In the above image, from left to right are raw octopus with wasabi sauce たこぶっかけ、salmon roe with grated daikon いくら大根おろし (grated diakon is seasoned with sweet vinegar which is only item I prepared)、and raw squid with hot sauce イカぶっかけ. These squid and octopus dishes are variations of "shiokara" and "okizuke" and are called "bukkake" ぶっかけ in which small pieces of raw octopus or squid are marinated in a spicy sauce. Here, the octopus is marinated in "wasabi" sauce and squid in red pepper sauce. Both come in a small plastic pouch and bought frozen. These are perfect accompaniment for sipping sake.

Cheese stuffed squid チーズいか

This is another item, my mother sent us. A Japanese word "Ikomi" 射込み means to "insert" or to "stuff" and this one is a type of "ikomi" squid. This is a commercial product in which a small squid was stuffed with cheese and cooked. This is eaten as is. Interesting combination of tastes. I served one for each of us but my wife went back and got another one. She must have liked it.

Smoked scallop 帆立ての薫製

This is a smoked whole scallop from Lake Saroma 佐呂間湖 in Hokkaido. To us, it is a bit too smoky and chewy.

Wednesday, January 27, 2010

Cornmeal Parmesan Chicken tender with crispy skin 鶏の笹身のパルメザンコーンミール焼きとカリカリ鶏皮

This is a variation of my previous post. The chicken tender was cooked the same. I seasoned the chicken tenders with salt and pepper, dredged them in a mixture of grated Parmesan cheese and yellow cornmeal (equal amount) and cooked with a small amount of olive oil. This time, I added the crispy skin of chicken and served them with a Dijon mustard honey sauce.

We love a crispy skin, either chicken, fish or pork. To make chicken skin very crispy, I parboil the chicken skin in water with salt and sake for 10 minutes until the fat was rendered. Then, I patted them dry and placed them (no oil needed) in a frying pan and put another identical frying pan on the top to press down. Cook it for 5-8 minutes on low heat and turn over and cook another 5 minutes until the skin is very crispy. You may still have to remove some excess fat from the pan using a paper towel during the cooking. Sprinkle on a bit of salt while it is hot.

For dipping sauce, I made a mixture of Dijon mustard and honey (about equal amount or less honey depending on your taste). Honey will melt easily and changes the consistency and color of the mustard. This one goes well with any drink.

Monday, January 25, 2010

Simmered "kiriboshi" daikon 切り干し大根の煮物

"Kiriboshi" daikon is an old fashioned preserved vegetable in which daikon is cut into thin, long strands and dried. I bought a package some time ago in the Japanese grocery store. Obviously I had forgotten about it but found it while I was going through my Japanese food items in the pantry. I decided to make some dishes using this. It is rather odd looking and it doesn't smell particularly pleasant (all cruciferous vegetables appear to have similar smell but drying makes it stronger). The drying, however, does add more sweetness. To use this, wash briefly in cold running water and rehydrate in enough water for 20-30 minutes.

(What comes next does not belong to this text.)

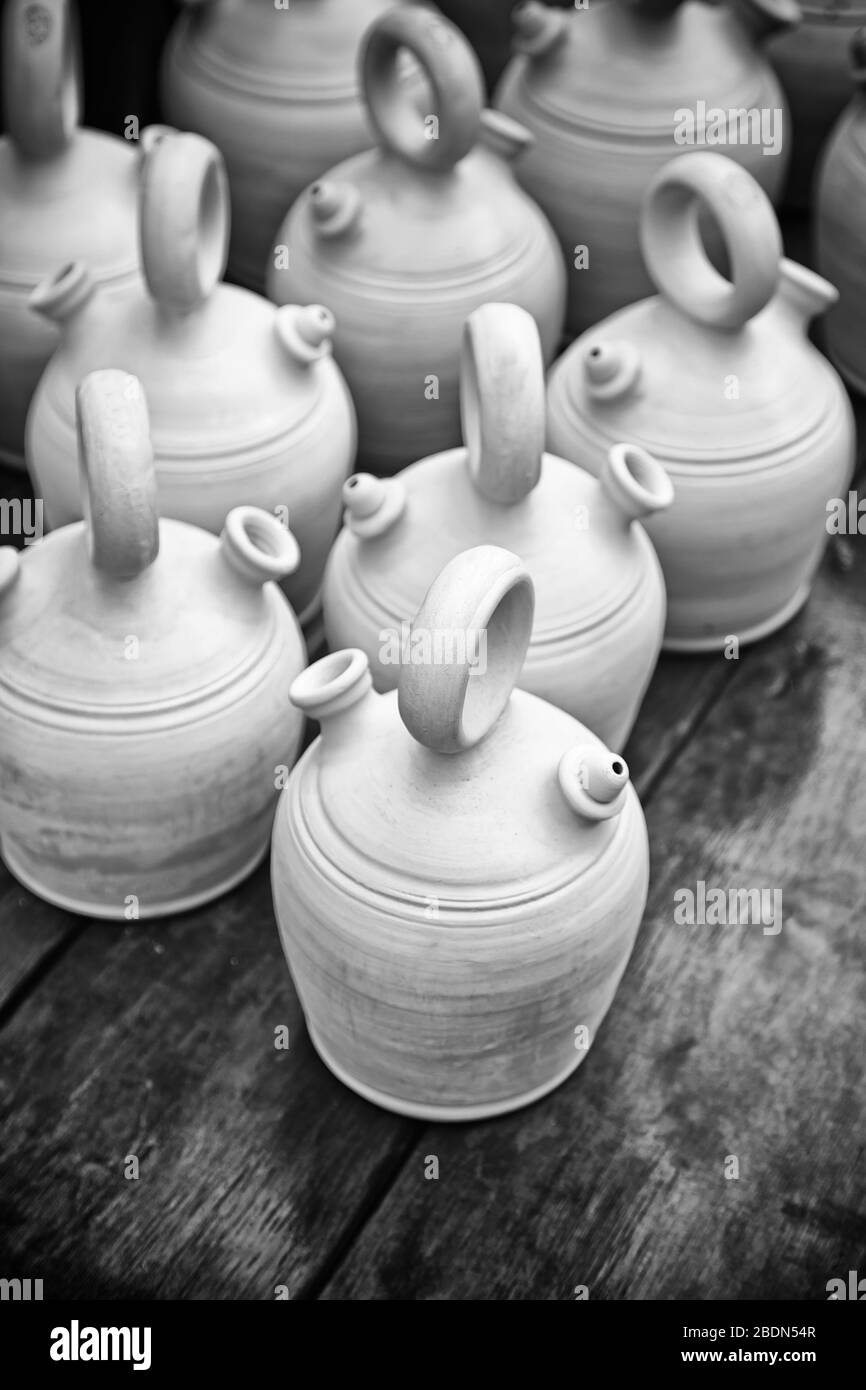 Clay pots, ceramic containers, detail of craftsmanship with mud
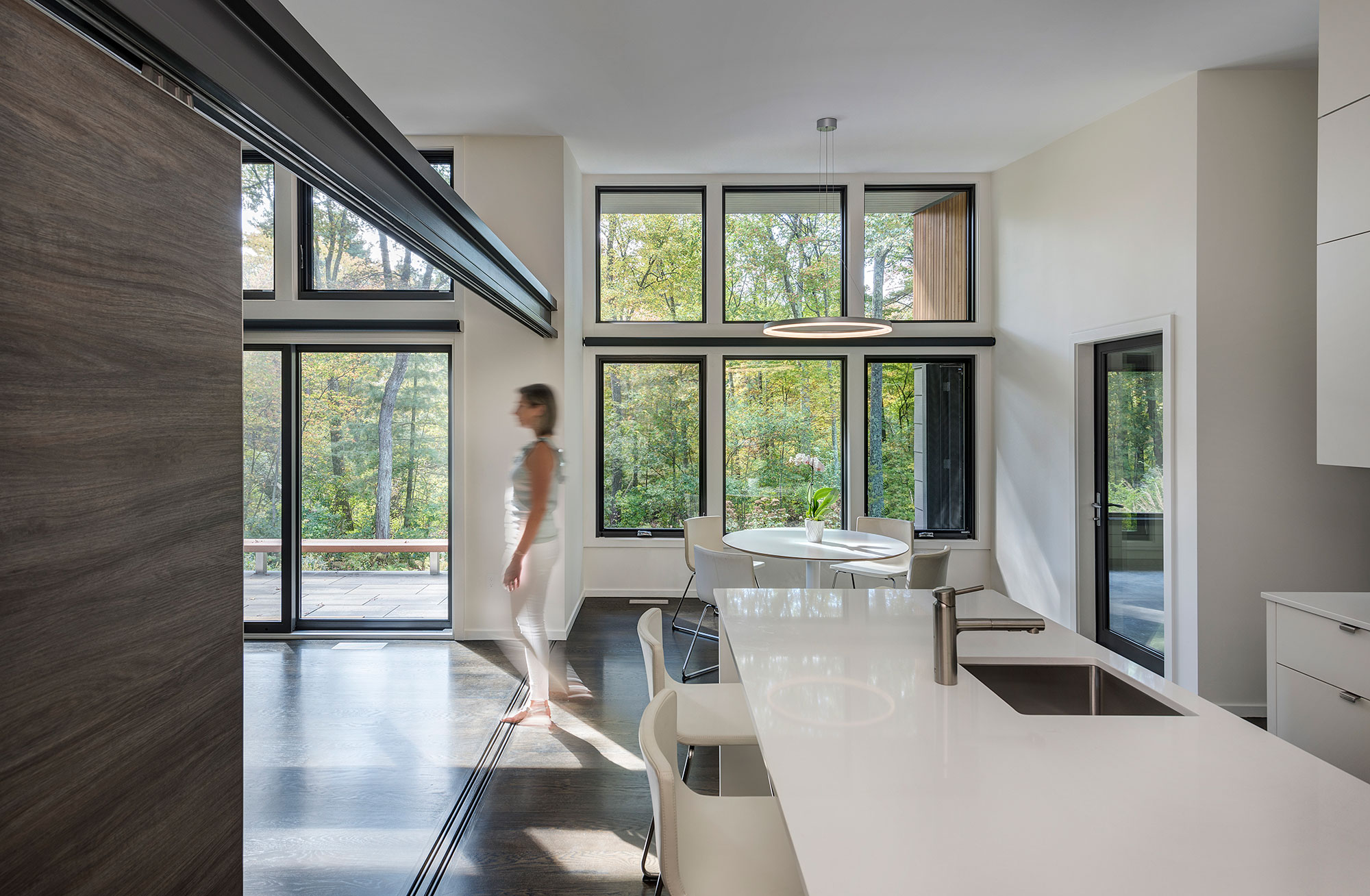 kitchen island and eat-in kitchen with exposed steel beam and sliding wall divider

Simmered "kiriboshi" daicon 切り干し大根の煮物

This is a very typical way of using "kiriboshi" daikon. After re-hydration, I squeeze water from it and set aside. I thinly slice carrot and julienne. I also julienne abura-age 油揚げ or deep dried tofu pouch. The amounts are totally arbitrary. You could also add shiitake mushroom (dried and re-hydrated shiitake is the best for this but I did not have enough time to re-hydrate dried shiitake this time). In a pan, I add a small amount of vegetable oil and a dash of dark roasted sesame oil and add few flakes of dried red pepper. I then sauté daikon and carrot. When the oil has coated the each vegetable pieces, add abura-age and enough "dashi" stock to cover (In my case,  I used about 200ml). I place an "otoshi buta" and simmer for 10-15 minutes. "Otoshi buta" 落とし蓋 or "drop lid" is frequently called for in Japanese simmered "nimono" 煮物 recipes. It is a lid (often wood) that is smaller in diameter than that of the pan used. This way, the ingredients will cook evenly while allowing evaporation of the simmering broth. Instead, you could use a kitchen parchment paper cut slightly smaller than the opening of the pan (called "kami buta" or paper lid). You do not need a special wooden lid (I have one but it was too big for this pan). A plate or a regular metal lid smaller in diameter than the pan's opening will do as shown here.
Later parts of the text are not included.